Tuesday, February 21, 2006

Ike Palacios recalls Iraq roadside blasts

The first time his vehicle was hit in a roadside bombing in Iraq, 46-year-old Ike Palacios thought that he would die. But he survived, and was thankful for it.

The second time his vehicle convoy was attacked, he uttered, "This is the end."

But no. He only got injured, hospitalized, and got back to his usual duties as roadside patrol personnel.

"I sustained neck injuries. I suffered from bad headache, and pain in the back. But I'm alive," said Palacios, smiling, in a recent interview.

"We were in a convoy. The car behind us and in front of us got hit. Although we're not directly hit, we all got injured in the truck," he said.

The incident happened on a special date, Oct. 16, 2005, the birthday of his father.

"I really thought it's my end but I've been lucky. I thank God for that and the prayers of many people," he said.

Palacios and other members of the Echo Company are back on Saipan after a year of duty in Iraq.

Palacios is an Army Reservist who was called by the U.S. military last year to serve in the war-stricken country.

Palacios said he experienced at least seven road bombings while patrolling villages in Iraq.

"But after my two incidents, I lost my fear. I believe that if it's your time, it's your time. I realized that it's not my time yet," he said.

Life in Iraq was quite hard, especially with his kind of assignment as truck patrol personnel.

"It's hard. Everyday, you're not sure if there's tomorrow. We're always on alert. We go out at dawn into the villages. We patrol 24 hours, protecting the civilians. We've got to be careful since everyday the enemies are planting bombs everywhere," he said.

He said the insurgents would hide improvised explosives behind a dead animal, trash, or broken vehicle.

It was most difficult "because we can't determine who are the real enemies" since they look and act like ordinary civilians.

Palacios said there was only a limited time to communicate with his family but whenever he had the chance, he would call his family to tell them he is doing good.

He said soldiers have access to the Internet and telephone at the base.

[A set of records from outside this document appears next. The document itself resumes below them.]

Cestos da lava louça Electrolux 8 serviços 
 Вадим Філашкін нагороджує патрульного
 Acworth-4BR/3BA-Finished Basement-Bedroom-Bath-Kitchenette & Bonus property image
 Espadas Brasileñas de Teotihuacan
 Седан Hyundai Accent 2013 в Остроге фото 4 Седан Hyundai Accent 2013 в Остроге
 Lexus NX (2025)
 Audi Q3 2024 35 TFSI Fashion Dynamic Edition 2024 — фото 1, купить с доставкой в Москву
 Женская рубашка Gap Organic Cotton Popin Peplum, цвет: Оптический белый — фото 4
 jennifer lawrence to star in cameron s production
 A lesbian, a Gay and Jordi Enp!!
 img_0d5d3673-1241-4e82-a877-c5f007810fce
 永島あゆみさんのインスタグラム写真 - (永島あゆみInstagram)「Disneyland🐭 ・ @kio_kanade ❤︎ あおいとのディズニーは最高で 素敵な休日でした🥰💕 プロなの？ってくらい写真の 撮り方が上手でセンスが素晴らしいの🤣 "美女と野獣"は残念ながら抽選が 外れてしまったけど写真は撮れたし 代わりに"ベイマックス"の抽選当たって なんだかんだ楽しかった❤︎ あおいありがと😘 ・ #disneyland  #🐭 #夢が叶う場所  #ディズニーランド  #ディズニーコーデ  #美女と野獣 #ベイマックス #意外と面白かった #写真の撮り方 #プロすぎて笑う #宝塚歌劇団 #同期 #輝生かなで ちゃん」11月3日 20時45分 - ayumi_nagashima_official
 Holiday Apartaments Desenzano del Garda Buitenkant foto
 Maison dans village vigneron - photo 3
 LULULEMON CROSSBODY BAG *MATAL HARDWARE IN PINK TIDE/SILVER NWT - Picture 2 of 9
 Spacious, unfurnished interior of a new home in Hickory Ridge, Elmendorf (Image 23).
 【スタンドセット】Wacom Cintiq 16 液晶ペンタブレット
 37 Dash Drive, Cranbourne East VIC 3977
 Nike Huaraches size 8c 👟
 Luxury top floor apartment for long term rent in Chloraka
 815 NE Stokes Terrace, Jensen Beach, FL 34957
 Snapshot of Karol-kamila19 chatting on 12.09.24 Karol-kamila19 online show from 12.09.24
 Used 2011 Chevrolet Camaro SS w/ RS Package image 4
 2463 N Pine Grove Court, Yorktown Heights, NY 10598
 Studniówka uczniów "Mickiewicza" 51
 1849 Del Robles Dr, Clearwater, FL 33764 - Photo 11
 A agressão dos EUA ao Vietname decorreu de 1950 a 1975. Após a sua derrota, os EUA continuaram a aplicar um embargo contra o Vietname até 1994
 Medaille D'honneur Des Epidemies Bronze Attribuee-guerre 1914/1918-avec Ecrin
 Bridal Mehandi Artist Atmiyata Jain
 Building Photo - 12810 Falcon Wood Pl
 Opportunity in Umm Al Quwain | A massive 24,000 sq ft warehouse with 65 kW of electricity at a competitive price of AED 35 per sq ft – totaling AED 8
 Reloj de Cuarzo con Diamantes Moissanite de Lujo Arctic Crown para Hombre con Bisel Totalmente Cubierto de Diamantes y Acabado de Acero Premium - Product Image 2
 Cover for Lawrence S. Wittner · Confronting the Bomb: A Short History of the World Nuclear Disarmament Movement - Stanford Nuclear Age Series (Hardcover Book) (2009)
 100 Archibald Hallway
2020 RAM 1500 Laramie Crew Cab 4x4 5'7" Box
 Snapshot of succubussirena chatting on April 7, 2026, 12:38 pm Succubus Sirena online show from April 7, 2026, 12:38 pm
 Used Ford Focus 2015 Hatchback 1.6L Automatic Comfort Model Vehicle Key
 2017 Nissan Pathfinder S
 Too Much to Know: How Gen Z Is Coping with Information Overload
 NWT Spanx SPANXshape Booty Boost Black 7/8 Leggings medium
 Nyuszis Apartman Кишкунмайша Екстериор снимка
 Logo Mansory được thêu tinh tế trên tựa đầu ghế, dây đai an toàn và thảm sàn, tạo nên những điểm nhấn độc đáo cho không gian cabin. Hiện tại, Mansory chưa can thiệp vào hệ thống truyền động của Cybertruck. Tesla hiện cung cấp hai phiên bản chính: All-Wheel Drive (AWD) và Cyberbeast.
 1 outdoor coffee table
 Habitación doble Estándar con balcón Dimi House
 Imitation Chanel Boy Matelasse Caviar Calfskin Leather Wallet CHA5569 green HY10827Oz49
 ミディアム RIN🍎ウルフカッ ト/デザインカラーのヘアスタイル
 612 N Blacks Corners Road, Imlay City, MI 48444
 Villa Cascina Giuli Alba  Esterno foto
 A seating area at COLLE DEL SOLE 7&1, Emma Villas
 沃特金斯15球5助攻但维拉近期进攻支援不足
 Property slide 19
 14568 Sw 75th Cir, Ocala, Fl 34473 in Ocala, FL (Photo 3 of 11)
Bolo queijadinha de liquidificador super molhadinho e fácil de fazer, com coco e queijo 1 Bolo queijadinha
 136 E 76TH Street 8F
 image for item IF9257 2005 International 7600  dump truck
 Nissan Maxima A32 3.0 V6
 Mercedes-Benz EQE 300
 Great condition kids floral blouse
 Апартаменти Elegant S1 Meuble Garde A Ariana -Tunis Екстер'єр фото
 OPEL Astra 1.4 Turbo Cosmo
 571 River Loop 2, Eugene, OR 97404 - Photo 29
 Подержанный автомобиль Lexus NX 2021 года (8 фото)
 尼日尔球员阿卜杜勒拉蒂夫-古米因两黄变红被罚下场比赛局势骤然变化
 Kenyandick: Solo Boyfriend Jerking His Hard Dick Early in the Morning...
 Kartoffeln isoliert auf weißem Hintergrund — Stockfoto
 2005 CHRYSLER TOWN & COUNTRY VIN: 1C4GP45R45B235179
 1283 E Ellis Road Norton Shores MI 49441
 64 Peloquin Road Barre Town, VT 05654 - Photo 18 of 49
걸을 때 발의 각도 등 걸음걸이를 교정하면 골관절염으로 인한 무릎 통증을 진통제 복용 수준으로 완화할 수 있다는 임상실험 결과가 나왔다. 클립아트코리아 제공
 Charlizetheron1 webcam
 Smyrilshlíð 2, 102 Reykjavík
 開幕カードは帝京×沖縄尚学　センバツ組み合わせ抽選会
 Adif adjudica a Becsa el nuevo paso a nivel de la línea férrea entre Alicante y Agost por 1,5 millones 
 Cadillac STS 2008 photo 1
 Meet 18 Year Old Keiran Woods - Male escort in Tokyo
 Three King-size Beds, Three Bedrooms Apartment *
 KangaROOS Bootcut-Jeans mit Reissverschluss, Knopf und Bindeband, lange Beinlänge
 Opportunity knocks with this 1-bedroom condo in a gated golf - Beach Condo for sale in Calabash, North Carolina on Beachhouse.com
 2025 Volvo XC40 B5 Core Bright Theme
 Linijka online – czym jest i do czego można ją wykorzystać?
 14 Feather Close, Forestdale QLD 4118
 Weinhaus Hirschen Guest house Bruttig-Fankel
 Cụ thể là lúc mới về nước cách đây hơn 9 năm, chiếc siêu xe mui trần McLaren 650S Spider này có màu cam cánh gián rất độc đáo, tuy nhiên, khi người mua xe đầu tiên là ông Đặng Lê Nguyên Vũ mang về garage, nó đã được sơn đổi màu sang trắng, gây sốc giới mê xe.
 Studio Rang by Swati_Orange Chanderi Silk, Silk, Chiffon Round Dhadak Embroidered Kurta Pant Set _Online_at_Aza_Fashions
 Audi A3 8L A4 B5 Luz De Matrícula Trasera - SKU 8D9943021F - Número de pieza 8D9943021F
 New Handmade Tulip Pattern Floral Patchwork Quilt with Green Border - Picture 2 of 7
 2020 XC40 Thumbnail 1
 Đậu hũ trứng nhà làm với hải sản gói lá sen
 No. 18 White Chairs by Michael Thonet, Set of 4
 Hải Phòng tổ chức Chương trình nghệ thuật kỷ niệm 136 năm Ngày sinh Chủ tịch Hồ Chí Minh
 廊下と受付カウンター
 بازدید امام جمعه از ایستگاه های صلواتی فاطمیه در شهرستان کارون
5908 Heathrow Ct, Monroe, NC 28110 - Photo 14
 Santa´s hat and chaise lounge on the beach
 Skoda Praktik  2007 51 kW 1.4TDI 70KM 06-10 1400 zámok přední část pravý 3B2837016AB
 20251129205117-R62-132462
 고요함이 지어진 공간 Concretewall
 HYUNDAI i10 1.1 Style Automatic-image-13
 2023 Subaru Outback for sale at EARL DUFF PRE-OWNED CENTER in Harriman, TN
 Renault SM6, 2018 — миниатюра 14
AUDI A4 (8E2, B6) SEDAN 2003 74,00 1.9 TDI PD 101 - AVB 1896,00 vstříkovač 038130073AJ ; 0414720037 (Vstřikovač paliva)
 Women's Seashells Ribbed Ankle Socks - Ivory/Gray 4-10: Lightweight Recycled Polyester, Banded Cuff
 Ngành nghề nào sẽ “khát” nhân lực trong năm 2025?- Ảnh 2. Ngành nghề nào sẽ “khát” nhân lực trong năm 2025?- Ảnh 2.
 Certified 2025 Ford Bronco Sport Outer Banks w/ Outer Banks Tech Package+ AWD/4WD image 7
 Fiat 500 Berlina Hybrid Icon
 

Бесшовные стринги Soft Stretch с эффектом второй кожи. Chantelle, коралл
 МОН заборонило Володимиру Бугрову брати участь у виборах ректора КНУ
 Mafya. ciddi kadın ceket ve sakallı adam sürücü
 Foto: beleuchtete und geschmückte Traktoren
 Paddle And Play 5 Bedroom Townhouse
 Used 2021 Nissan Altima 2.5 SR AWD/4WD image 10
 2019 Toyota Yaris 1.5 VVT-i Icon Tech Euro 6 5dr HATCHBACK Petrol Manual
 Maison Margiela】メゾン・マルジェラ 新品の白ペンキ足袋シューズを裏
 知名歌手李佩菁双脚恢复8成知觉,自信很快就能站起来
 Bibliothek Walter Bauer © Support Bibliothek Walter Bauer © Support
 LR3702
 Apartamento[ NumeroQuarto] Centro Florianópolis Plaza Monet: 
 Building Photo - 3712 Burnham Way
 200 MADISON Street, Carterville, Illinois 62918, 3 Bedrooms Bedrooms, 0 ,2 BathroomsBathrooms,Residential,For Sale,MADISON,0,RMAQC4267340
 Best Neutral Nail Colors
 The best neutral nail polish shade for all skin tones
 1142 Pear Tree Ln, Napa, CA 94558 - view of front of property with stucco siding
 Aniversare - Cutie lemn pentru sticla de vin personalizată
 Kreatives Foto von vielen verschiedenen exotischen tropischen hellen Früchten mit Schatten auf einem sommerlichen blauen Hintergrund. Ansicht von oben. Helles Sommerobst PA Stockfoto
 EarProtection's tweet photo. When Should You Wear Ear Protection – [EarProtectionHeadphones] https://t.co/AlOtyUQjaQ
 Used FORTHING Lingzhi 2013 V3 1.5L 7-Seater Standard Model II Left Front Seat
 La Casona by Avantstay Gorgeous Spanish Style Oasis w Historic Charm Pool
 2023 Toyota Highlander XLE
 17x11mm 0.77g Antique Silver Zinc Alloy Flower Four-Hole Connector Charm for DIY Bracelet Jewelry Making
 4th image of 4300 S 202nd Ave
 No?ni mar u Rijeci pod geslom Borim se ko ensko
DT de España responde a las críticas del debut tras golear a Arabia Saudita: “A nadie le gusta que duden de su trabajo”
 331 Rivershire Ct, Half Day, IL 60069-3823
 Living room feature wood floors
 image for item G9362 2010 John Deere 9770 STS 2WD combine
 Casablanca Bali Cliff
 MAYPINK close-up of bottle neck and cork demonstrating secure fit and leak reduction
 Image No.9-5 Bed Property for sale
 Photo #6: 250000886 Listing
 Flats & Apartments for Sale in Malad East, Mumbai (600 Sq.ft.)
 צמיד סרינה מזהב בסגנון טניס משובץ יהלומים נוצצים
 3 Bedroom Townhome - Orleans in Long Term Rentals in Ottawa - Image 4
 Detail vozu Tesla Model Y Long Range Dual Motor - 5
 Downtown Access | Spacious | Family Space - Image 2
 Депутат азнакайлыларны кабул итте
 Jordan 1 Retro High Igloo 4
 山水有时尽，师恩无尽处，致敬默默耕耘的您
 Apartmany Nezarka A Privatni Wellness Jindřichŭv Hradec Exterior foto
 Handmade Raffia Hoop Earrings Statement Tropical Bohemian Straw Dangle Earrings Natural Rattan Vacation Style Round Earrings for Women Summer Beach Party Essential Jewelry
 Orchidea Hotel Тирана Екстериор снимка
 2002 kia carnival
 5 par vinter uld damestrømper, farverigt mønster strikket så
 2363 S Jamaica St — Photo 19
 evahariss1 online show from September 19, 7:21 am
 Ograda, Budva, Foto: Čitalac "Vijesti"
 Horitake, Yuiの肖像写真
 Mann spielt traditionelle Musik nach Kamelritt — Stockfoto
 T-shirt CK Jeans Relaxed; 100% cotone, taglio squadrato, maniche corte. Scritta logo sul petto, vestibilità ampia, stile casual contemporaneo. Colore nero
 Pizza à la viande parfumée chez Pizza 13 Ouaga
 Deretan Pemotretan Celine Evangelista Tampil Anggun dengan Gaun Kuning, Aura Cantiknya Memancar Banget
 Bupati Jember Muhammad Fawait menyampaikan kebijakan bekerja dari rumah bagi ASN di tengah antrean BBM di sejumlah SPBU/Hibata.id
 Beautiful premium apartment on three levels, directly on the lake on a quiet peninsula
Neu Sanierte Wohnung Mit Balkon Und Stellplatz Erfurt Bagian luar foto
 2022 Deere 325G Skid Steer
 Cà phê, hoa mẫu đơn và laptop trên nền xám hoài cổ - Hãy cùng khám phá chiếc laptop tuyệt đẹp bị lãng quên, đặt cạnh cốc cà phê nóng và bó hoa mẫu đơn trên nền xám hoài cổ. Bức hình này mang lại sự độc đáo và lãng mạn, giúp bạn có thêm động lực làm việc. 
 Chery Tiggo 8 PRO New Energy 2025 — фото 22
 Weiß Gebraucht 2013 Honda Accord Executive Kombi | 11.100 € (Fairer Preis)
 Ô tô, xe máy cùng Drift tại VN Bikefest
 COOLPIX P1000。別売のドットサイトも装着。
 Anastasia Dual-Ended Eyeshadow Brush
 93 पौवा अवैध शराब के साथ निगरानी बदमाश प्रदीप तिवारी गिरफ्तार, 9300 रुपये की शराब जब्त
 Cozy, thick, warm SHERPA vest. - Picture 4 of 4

"I call them when I get the chance. I e-mailed, too," he said.

Despite all the hardships, he said he feels proud and fulfilled over his Iraq assignment. "We are fighting for freedom," he added.

Palacios' wife Cindy said she is happy and was speechless when he arrived late last month. "I'm just happy to see him back," she said.

Palacios said he would soon be back to work at the Marianas Public Lands Authority as a land inspector.

Returning Army Reservists have a 90-day period to return to their work.

The Echo Company was fielded to Iraq in February 2005. They completed their duty and proceeded to Kuwait on Jan. 1, 2006. They arrived on Saipan in batches since last month.